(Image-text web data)

────────

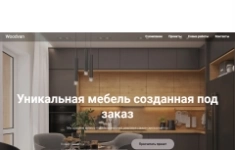 Мебельщик универсал картинка из объявления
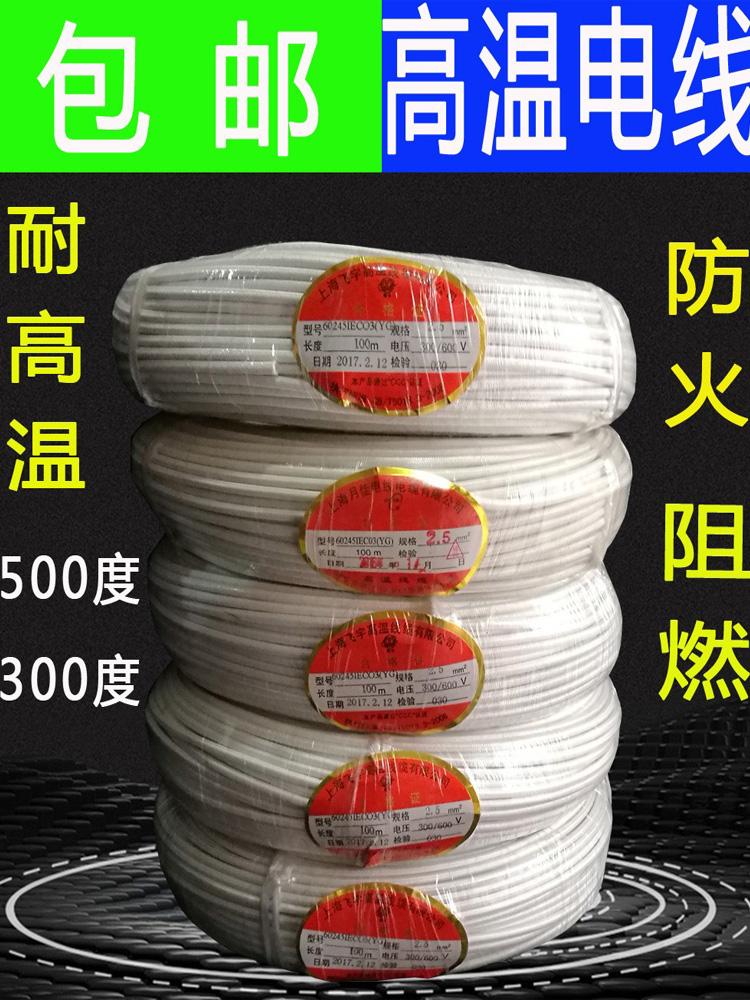 批发500度高温线云母编织防火耐高温导线电磁加热2.5平方高温电线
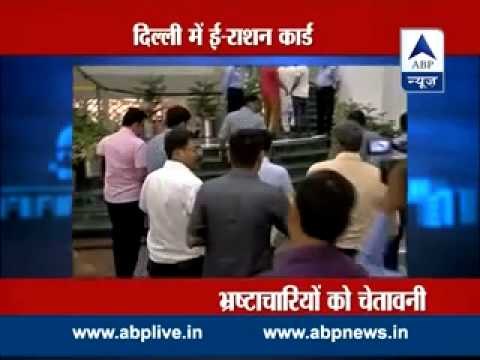 ABP LIVE TOP 10 ll Another audio sting surfaces against Arvind Kejriwal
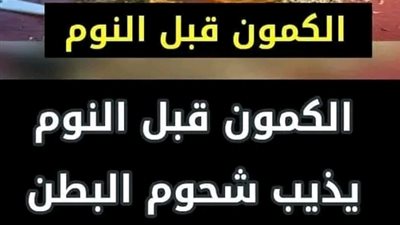 شربتها ودخلت الحمام نزلت دهون وشحوم متحجرة من زمن وفي 7 أيام تخلصت من الكرش والجناب طلعت بتخسس جدا 
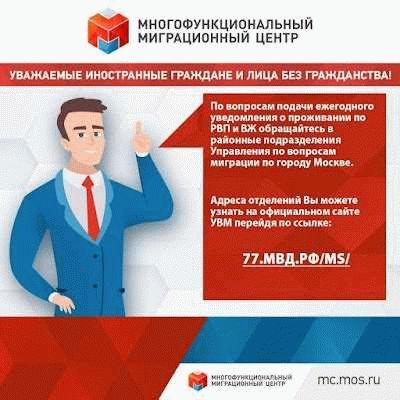 Как пользоваться личным кабинетом ММЦ после регистрации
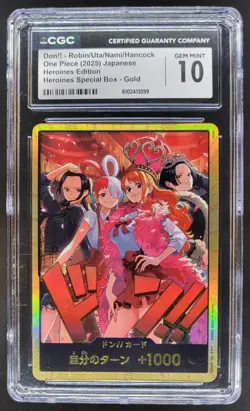 2025 ONE PIECE CCG JAPANESE DON!! ROBIN UTA NAMI HANCOCK SPECIAL GOLD CGC 10 PT - Image 1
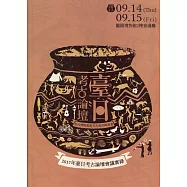 2017年臺日考古論壇會議實錄
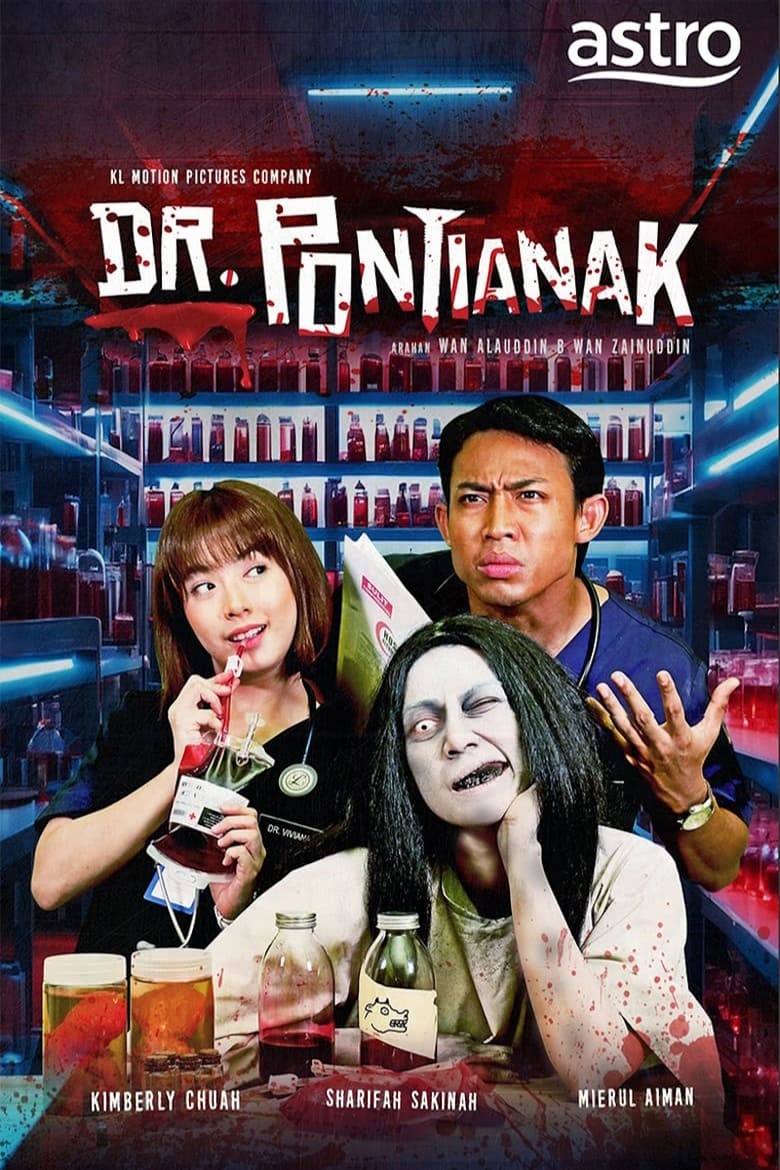 Poster of Dr. Pontianak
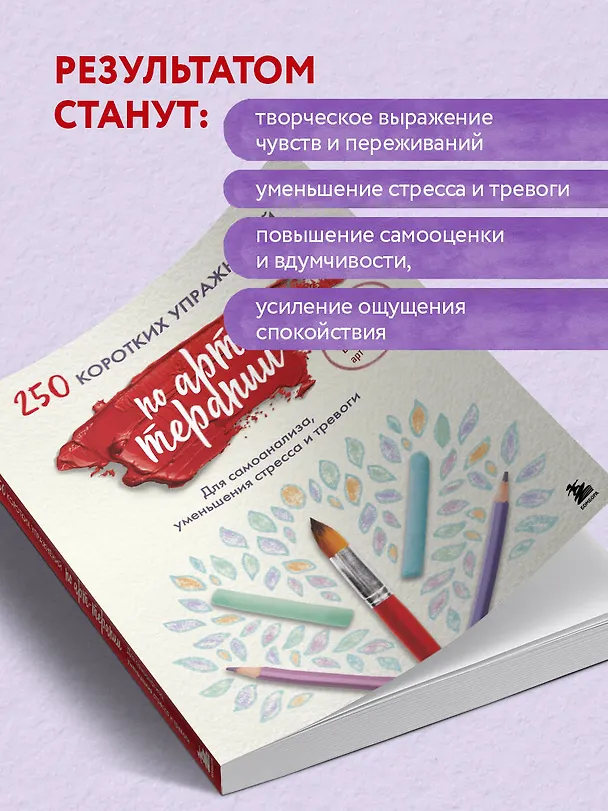 Книга 250 коротких упражнений по арт-терапии. Для самоанализа, уменьшения стресса и тревоги (Сьюзан Бакалтер) — 8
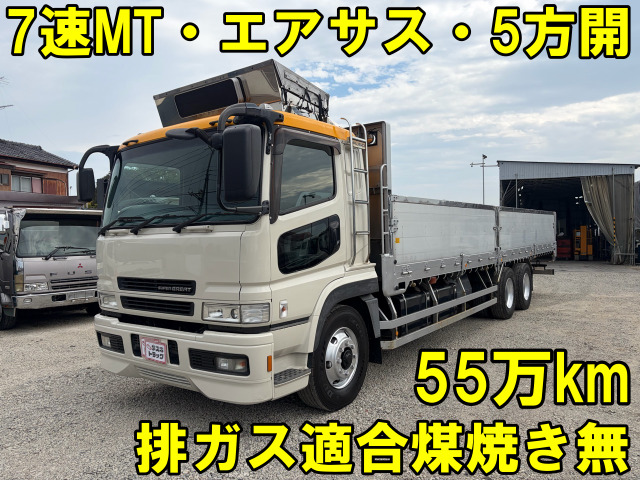 スーパーグレート 車輌詳細は下記販売店コメントご覧ください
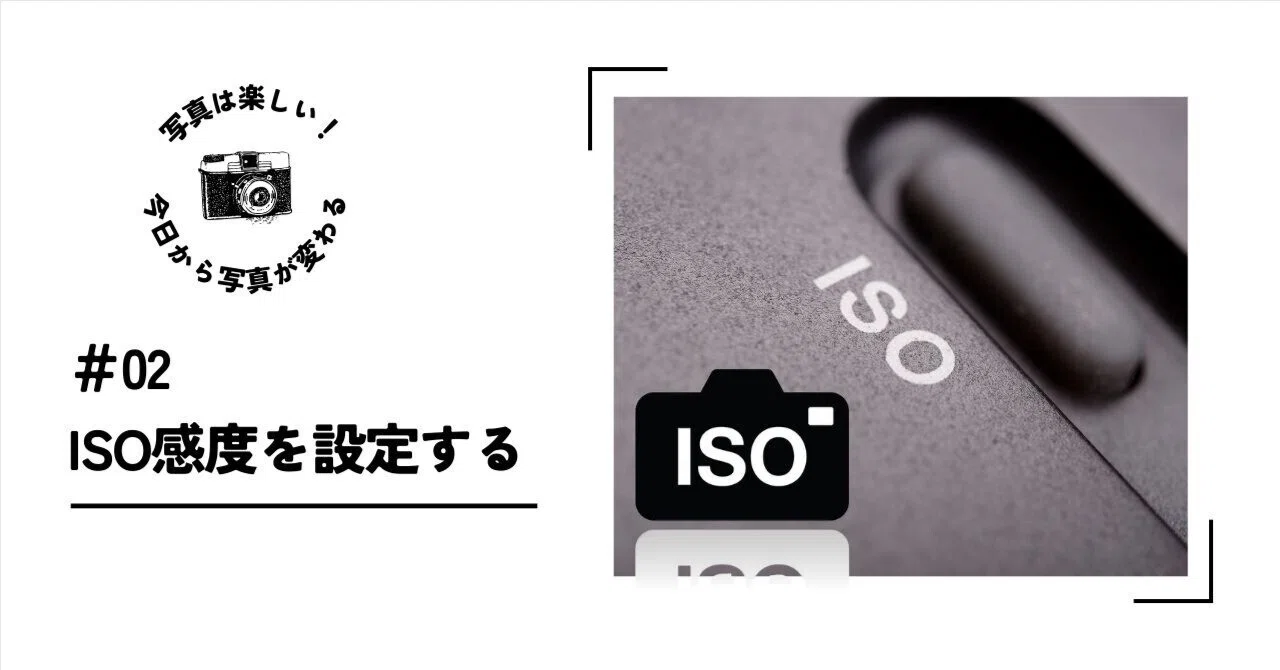 写真は楽しい！今日から写真が変わる ＜ISO感度を設定する＞｜ミヤモト ヒロフミ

────────

Reproduce, word for word, every line from the start of the records down to and including the line with "スーパーグレート 車輌詳細は下記販売店コメントご覧ください"; skip the pictures.

* **COMPLETED EXERCISE**:
 Мебельщик универсал картинка из объявления
 批发500度高温线云母编织防火耐高温导线电磁加热2.5平方高温电线
 ABP LIVE TOP 10 ll Another audio sting surfaces against Arvind Kejriwal
 شربتها ودخلت الحمام نزلت دهون وشحوم متحجرة من زمن وفي 7 أيام تخلصت من الكرش والجناب طلعت بتخسس جدا 
 Как пользоваться личным кабинетом ММЦ после регистрации
 2025 ONE PIECE CCG JAPANESE DON!! ROBIN UTA NAMI HANCOCK SPECIAL GOLD CGC 10 PT - Image 1
 2017年臺日考古論壇會議實錄
 Poster of Dr. Pontianak
 Книга 250 коротких упражнений по арт-терапии. Для самоанализа, уменьшения стресса и тревоги (Сьюзан Бакалтер) — 8
 スーパーグレート 車輌詳細は下記販売店コメントご覧ください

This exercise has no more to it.